Picture the scene: It’s February in Toronto, temperatures are hovering around -20c plus wind chill and a winter storm hits. You’re hunkered down watching a movie so you don’t care too much…until the power goes out.
An hour goes by, the power’s still off so you have no heat and the house is beginning to get a little colder. Fast forward a few hours and a water pipe in the house freezes and bursts. It’s going to cost thousands of dollars to repair all the water damage and get the burst pipe fixed. Not to mention the mess and stress…
This scenario plays out hundreds, or thousands of times every winter in Canada.

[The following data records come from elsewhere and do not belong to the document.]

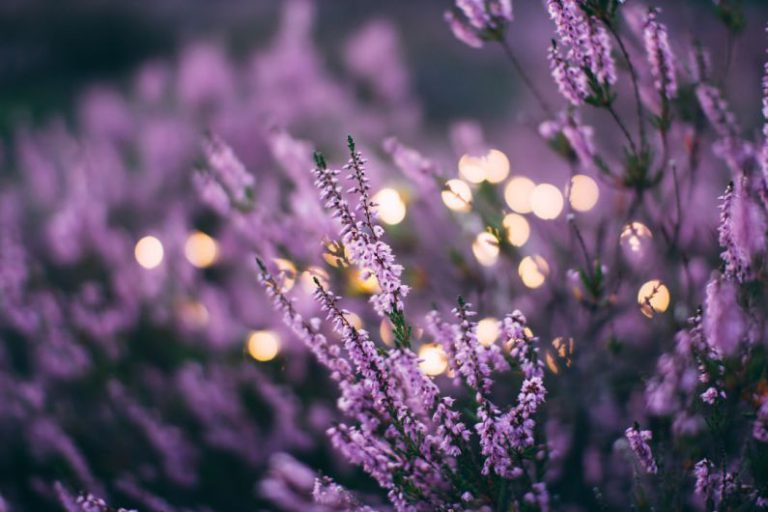 Lavender Tea Purple - tilt shift lens pink fetal flowers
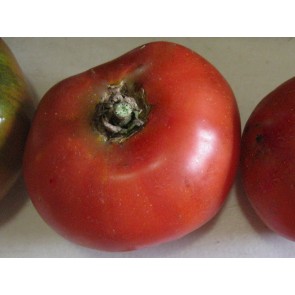 Tomato 'Super Marmande' Seeds (Certified Organic)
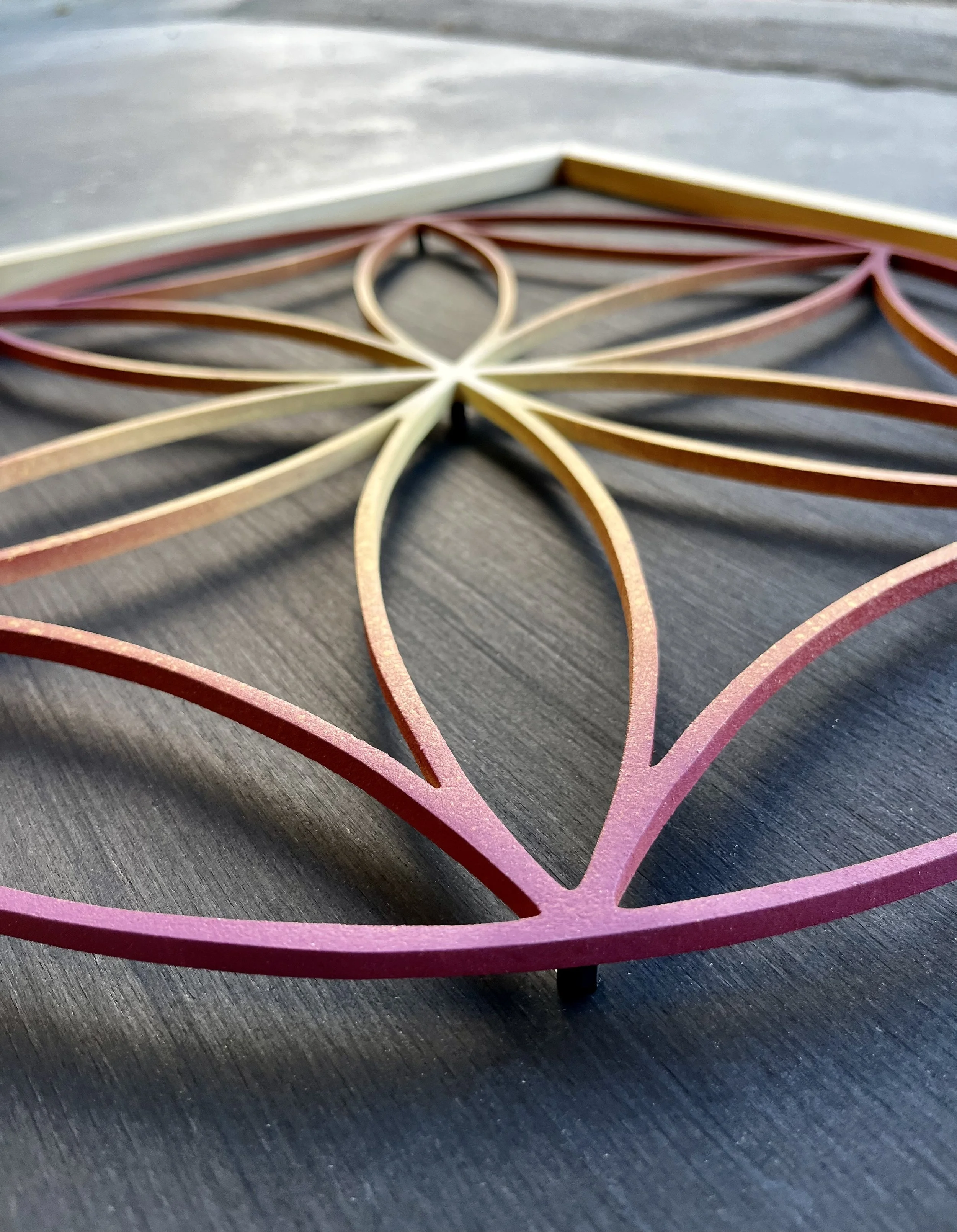 2024 - Morning Sun 2.jpeg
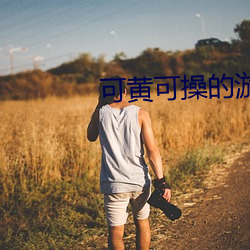 可黄(huáng)可操的(de)游戏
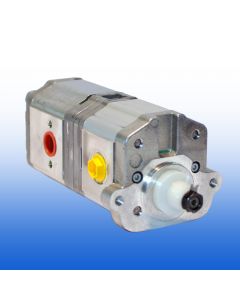 Pompa multipla Turolla/Danfoss Cod.181.20.B35.00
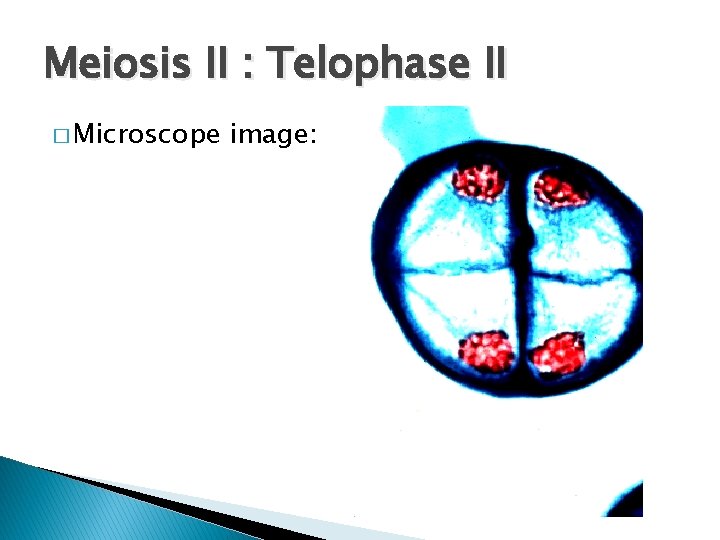 Meiosis II : Telophase II � Microscope image: 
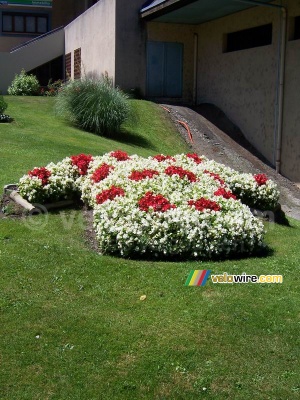 Saint-Jean-de-Maurienne : un maillot à pois de fleurs (764x)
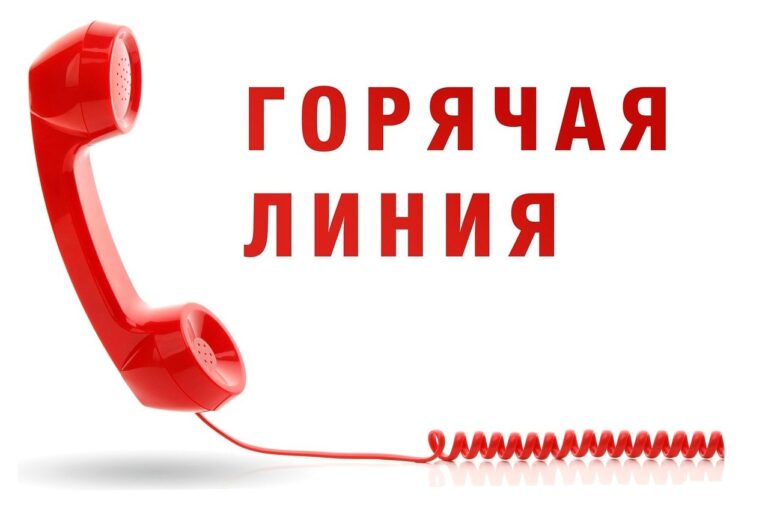 Подробнее о статье Горячая телефонная линия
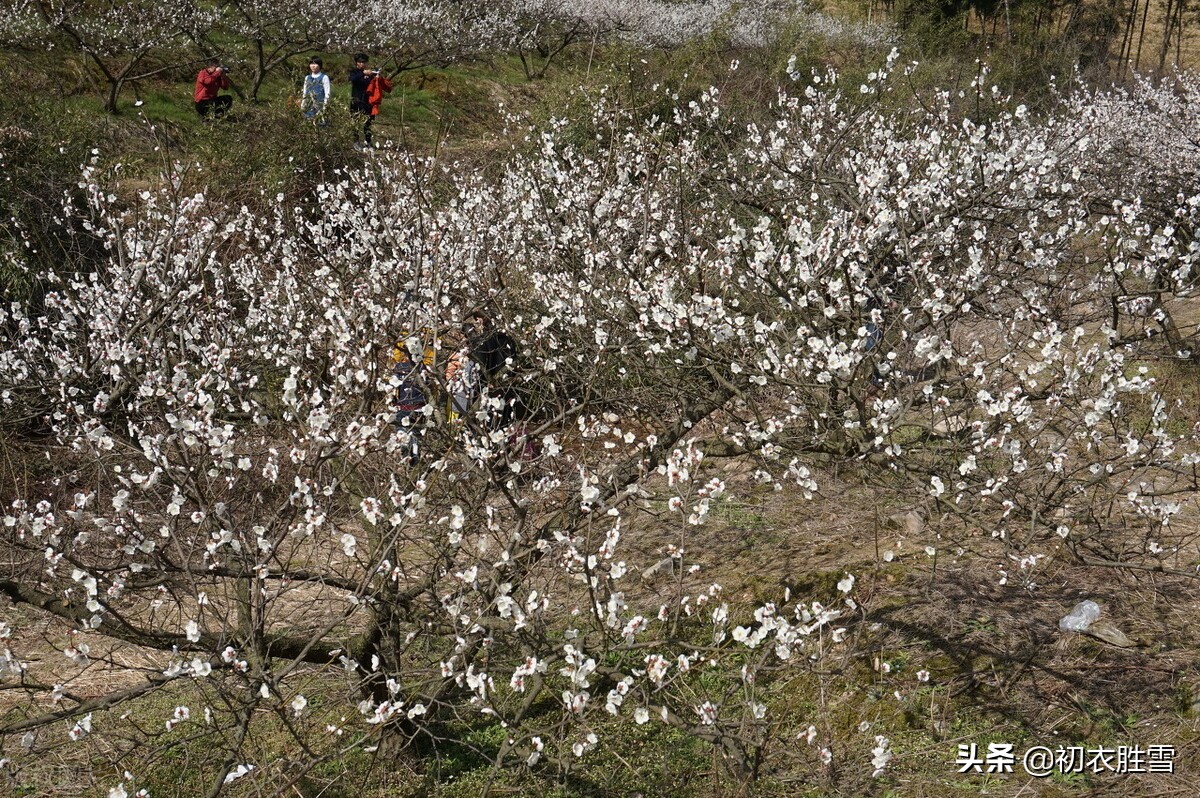 大气寒梅唐诗五首：清香无以敌寒梅，万卉千花冻不知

But in a lot of cases, burst pipes inside your home can be avoided with one unbelievably simple trick:
Leave your faucets turned on just enough so there is a slow drip.
The water is then moving in the pipes rather than sitting, and is therefore much less likely to freeze – saving you from burst pipes, a ruined house and a repair bill into the thousands.

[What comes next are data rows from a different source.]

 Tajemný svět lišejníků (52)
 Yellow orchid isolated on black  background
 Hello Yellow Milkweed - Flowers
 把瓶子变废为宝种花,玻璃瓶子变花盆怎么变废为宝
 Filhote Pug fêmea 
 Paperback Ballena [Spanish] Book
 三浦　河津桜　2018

Note: You should only do this with the faucets inside your house – any outdoor taps should be drained and the water supply turned off in fall as part of your winter preparations, so there is no water in the pipe to cause a burst.
If your water pipes have frozen, but not burst – open at least one of the faucets that the pipe leads to and start trying to thaw the frozen section of pipe immediately. As you’re thawing the pipe, the open faucet will allow any melting water to escape from the pipe.
Try these tricks to find the blocked frozen area in the pipe (if they don’t work, start thawing the pipe at the faucet, and work your way back along the pipe until the water is running again):
- Run your hand along the pipe, feeling for a particularly cold spot.
- Look for any condensation or frost visible on the pipe.
- Run a thermometer along the pipe to find the coldest part.
- Run a damp cloth along the pipe until you see frost forming.
Using a handheld hair dryer on a “hot” setting or a heat gun, start warming the pipe at the side of the frozen area that’s closest to the faucet (again, so that melting water has an escape route). Keep the heat moving on an area of pipe – don’t just over-heat one tiny spot.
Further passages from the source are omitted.